Partly it is just the customary way people talk, which is hard to change or make entirely consistent. It seems as if "string theory" is not a theory of nature. As David Gross has said "we don't know what string theory is!" So it is not a coherent well-defined scientific theory. But it does resemble a large active branch of applied math---and it seems natural to a lot of people to call it a "theory" in that sense. It sounds right to them.

That's my take on it. There's a lot of disingenuous doubletalk that you can't nail down.
 
  • #8
Lots of these should probably be called "hypothesis" ...or something similar.

Poor 'ol Bill Unruh never got his "effect" such a noble epithet...

And likewise Jacob beckenstein...saddled with the monicker "bound"...

no need to get panties in a bunch over these imprecise terms...lots better things to argue and haggle over...
 
  • #9
There are things that if are seen would favour string theory, it's just that the experiments may be beyond present technological capabilities. Quantum electrodynamics would not have been testable 130 years ago, that doesn't mean that if someone has come up with the theory then, that it wasn't a scientific theory until the 20th century.

There are also things that are seen that would falsify string theory.

These are discussed in section 4 of http://arxiv.org/abs/hep-th/0701050 .
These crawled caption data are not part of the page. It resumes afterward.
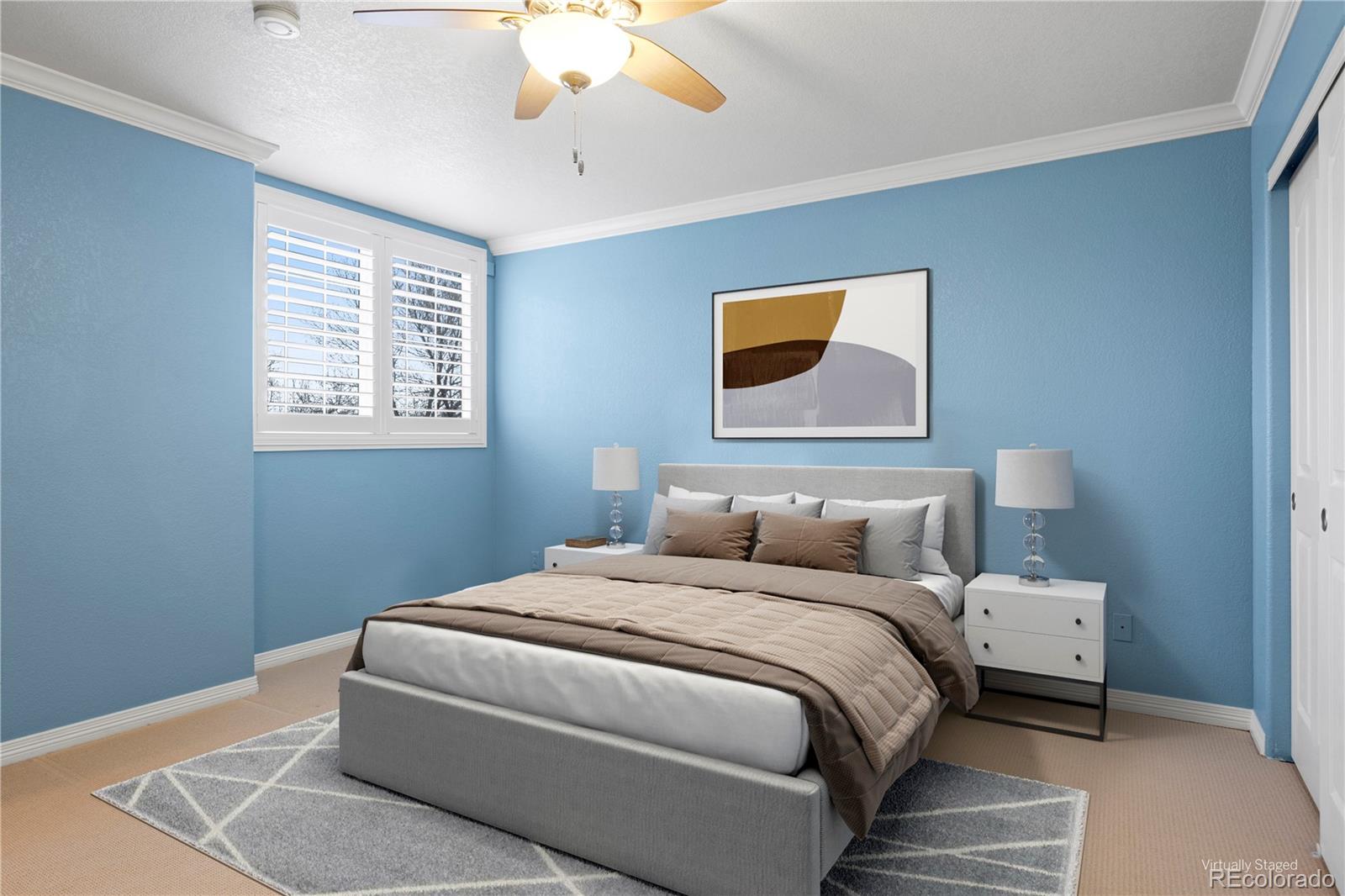 MLS Image #15 for 9843  firestone circle,lone tree, Colorado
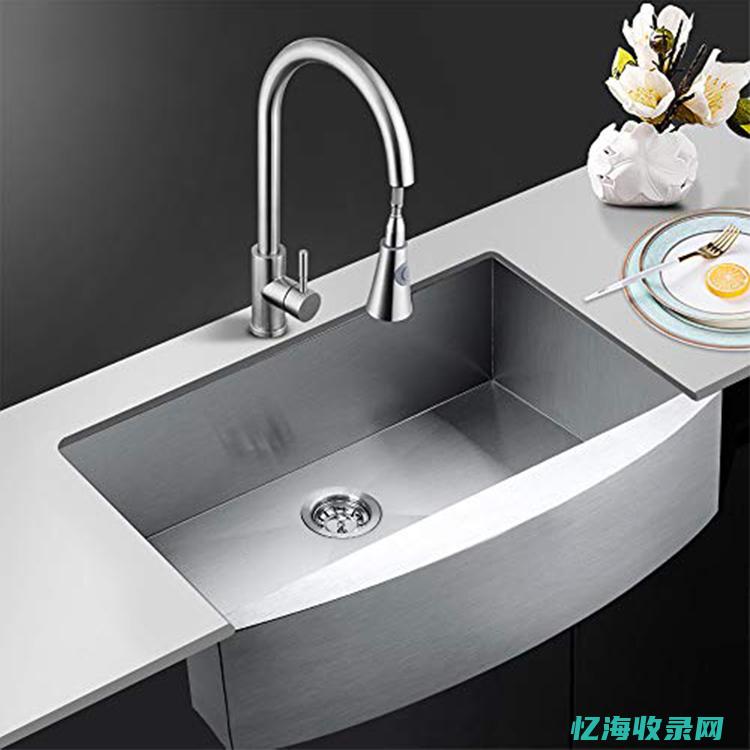 衡阳专业水槽洗碗机价格 (衡阳专业水槽洗碗机)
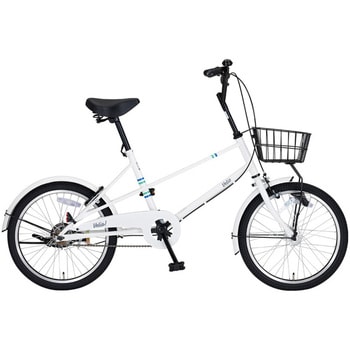 注文コード:13936119 【VLO20-A-Ⅲ】20インチ/オートライト/変速なし VELIO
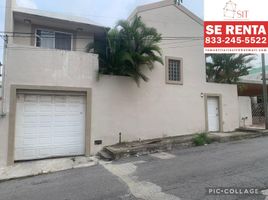 在Tamaulipas出租的3 卧室 屋, Tampico, Tamaulipas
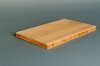 Solid Bamboo Panel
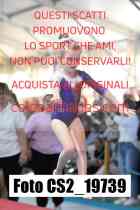 CS2_19739-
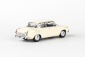 Abrex Škoda 1100MBX (1969) 1:43 - Slonová Kost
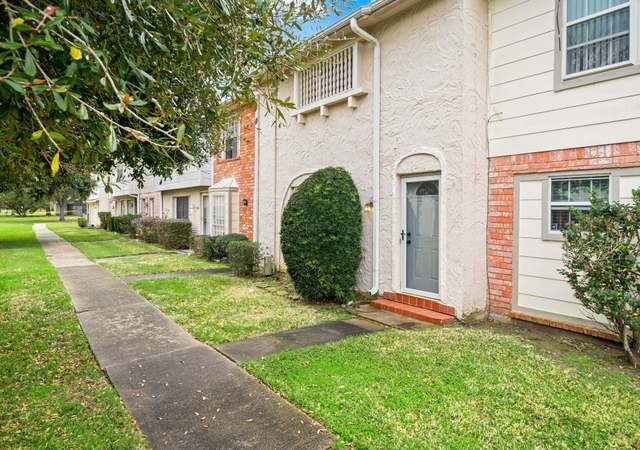 Property at 13047 Clarewood Dr, Houston, TX 77072, 3 beds, 3 baths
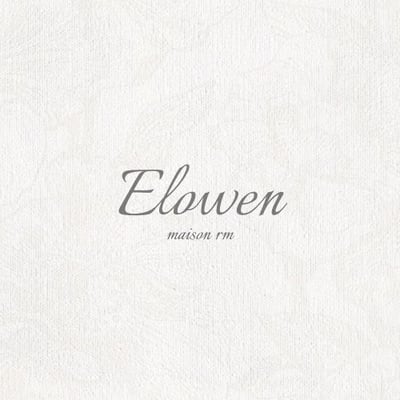 Logo of Elowen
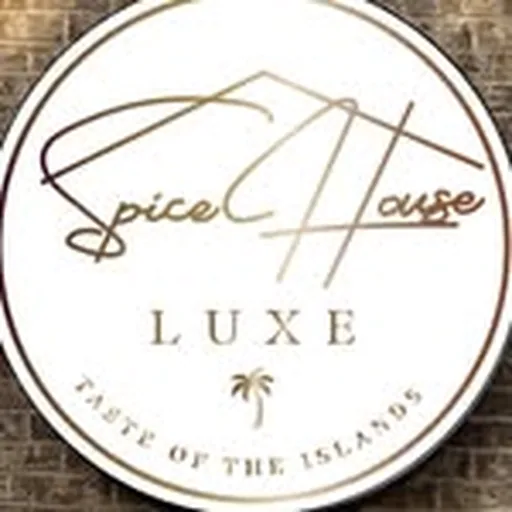 @spicehouseluxe profile image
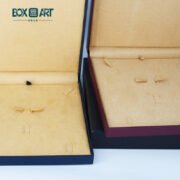 Pendant box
Also, it is known that our best theories which do work break down at a high enough energy, and some theory must replace them. So by mathematical consistency alone, we have to search for a new theory. At present, string theory is without doubt an approach that has taught us a lot about whatever the true theory of quantum gravity is, even if it ultimately turns out that string theory does not model nature. Let me note that there are people who work on stuff related to loop quantum gravity who agree.

http://arxiv.org/abs/0705.0705: "I think in particular that string theory has been very successful as a brain storming tool. It has lead already to many spectacular insights into pure mathematics and geometry. But my personal bet would be that if somewhere in the mountains near the Planck scale string theory might be useful, or even correct, we should also search for other complementary and more reliable principles to guide us in the maze of waterways at the entrance of terra incognita."

http://arxiv.org/abs/gr-qc/9508064 (I don't know if this guy still agrees with what he said back then, but this is what he wrote in 1995): "it seems that any acceptable quantum theory of gravity, whatever its ultimate formulation, is likely to reduce to a perturbative string theory in the appropriate limit."
 
  • #10
String/M theory has already had tremendous influence on our understanding of the established part of physics, including particle physics and cosmology. Whether you want to call it a 'theory' or not, it certainly is scientific.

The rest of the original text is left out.